The Tidekeepers did not react like the others—not in fear, not in surprise, but with the precision of those executing a familiar protocol.

No cries.

No scrambling.

One inclined his head—barely a motion—eyes flicking to the others in a silent exchange too quick to grasp. Another was already lifting his staff, not in alarm, but with practiced precision.

Now,something in their posture said.

A crushing force snapped around my magic. Cold. Primal. Tight as a vise.

The Tidekeepers cut me off.

The weight of their power slammed through me. I choked, pain splitting behind my eyes as blood filled my mouth and drifted upward in a thin, scarlet ribbon.
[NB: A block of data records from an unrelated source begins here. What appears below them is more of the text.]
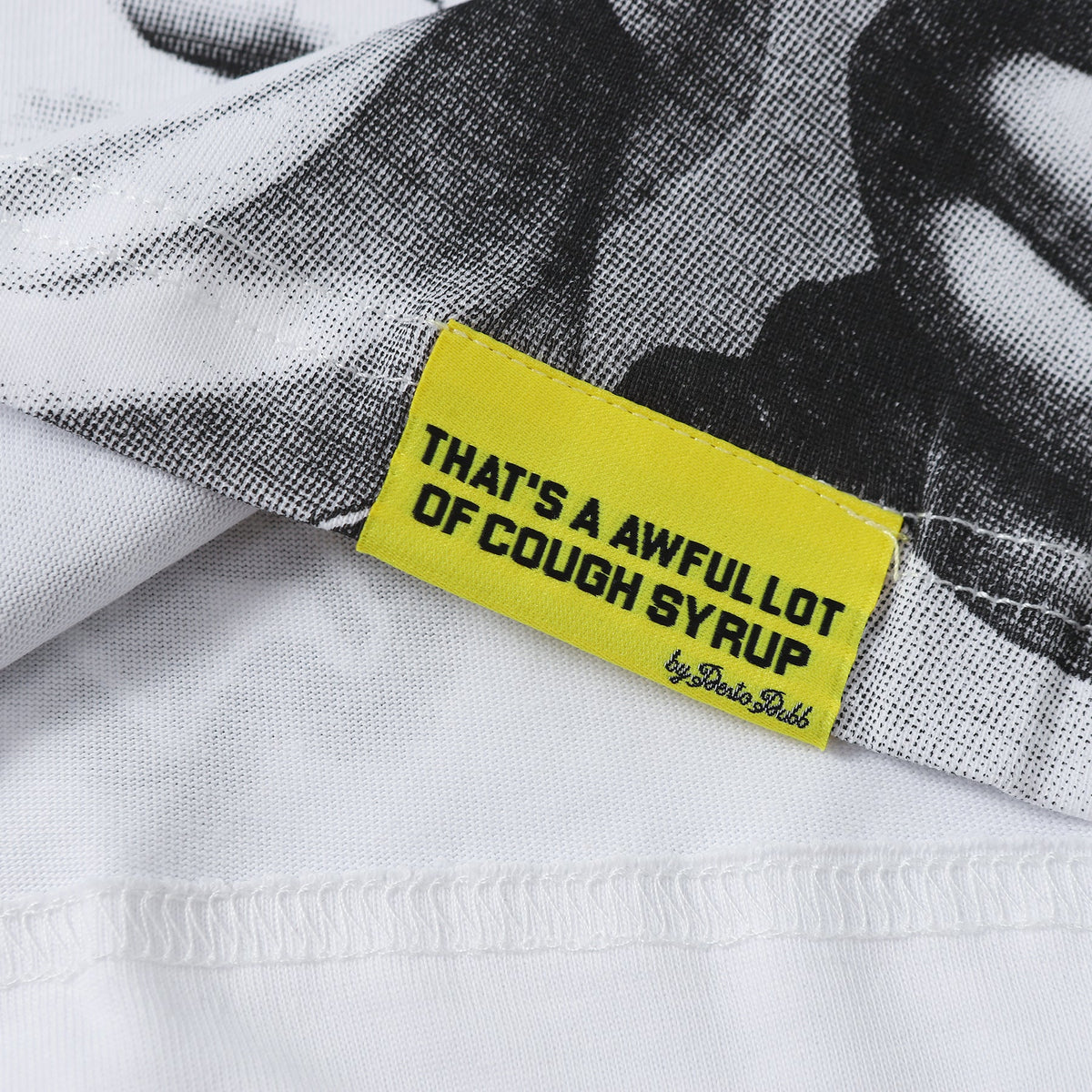 That's A Awful Lot Of Cough Syrup T-Shirt — view 10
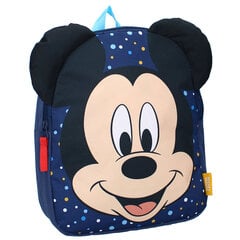 Kuprinė vaikams Mickey Mouse Be Amazing цена и информация | Школьные рюкзаки, спортивные сумки | pigu.lt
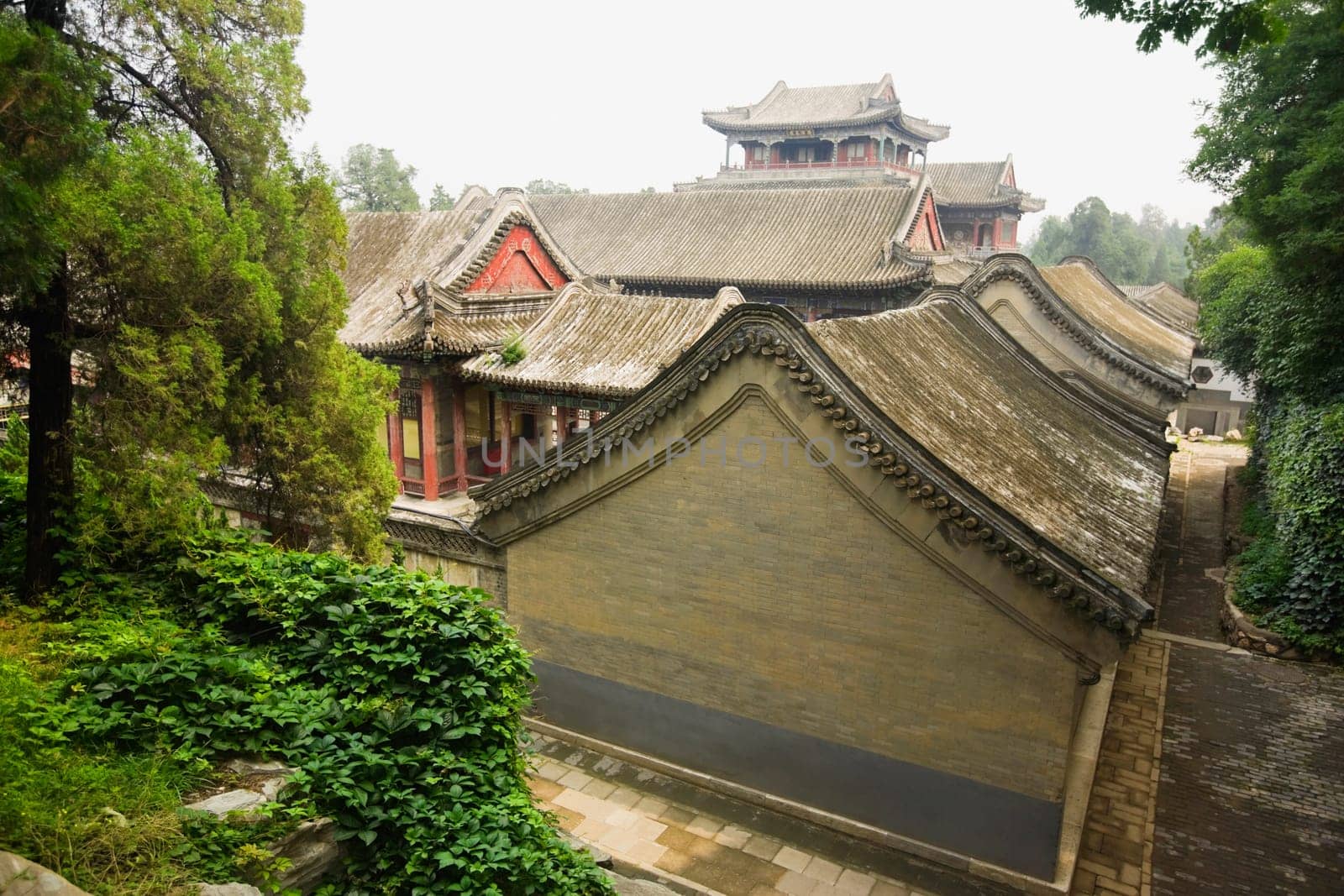 Summer Palace, Beijing, China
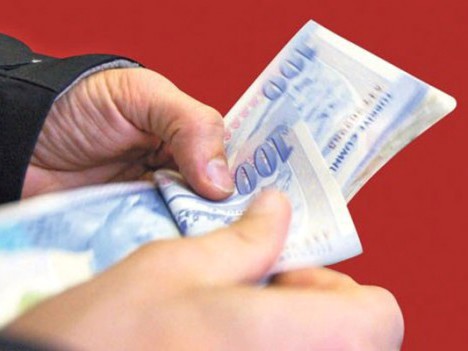 Emekli bu ay maaşını yüzde 5.70 zamlı alacak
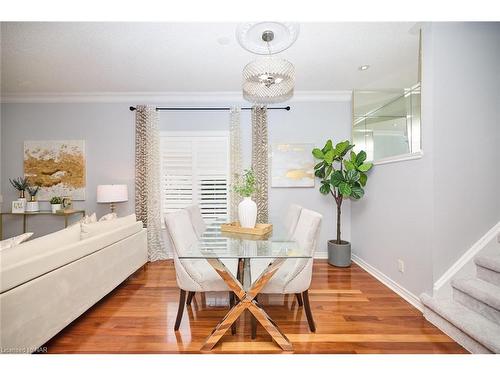 36 Natalie Court, Thorold, ON - Indoor Photo Showing Dining Room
My strength went with it—drained so suddenly my vision dimmed at the edges.

I must have pushed too hard. Or not hard enough.

The light collapsed—but the emptiness didn’t. Holding myself upright took more effort than it should have. Something inside me stayed hollow, the song had been cut out mid-note.

The shockwave died in a hard, brutal drop.

The entire chamber had seen it. Felt it. They would never forget it.

Merfolk stepped back from me the way one might retreat from a wounded shark—slow, cautious, eyes sliding away as if looking too long might invite disaster.

Even the pod leaders looked shaken. The Court exhaled in fragments.

Whispers rippled through the gathered merfolk—fear, awe, disbelief tangling in the wake of what I’d done.

The Tidekeepers lowered their staffs in unison, movements precise and controlled. One adjusted the fall of his robe. Another steadied himself. No fear lingered in their eyes.

Only calculation.

A brief glance passed between them—quick, restrained—before Calder inclined his head once, confirming a task completed to satisfaction. Then he turned to the court.

“The imbalance has been contained,” he said calmly. Contained.

Containment required compliance. Resistance made power like mine unpredictable—and unpredictability was the one variable the Tidekeepers refused to gamble with. Abrupt corrections had a way of tearing holes where none had existed before.

Maleia swam to me, gripping my arm harder than she meant to. “Nerina… are you okay? What was that?”

Before I could answer, Calder cut in.

“It was dangerous.”

His tone was quiet, but the word sliced.

“It was uncontrolled,” another Tidekeeper murmured.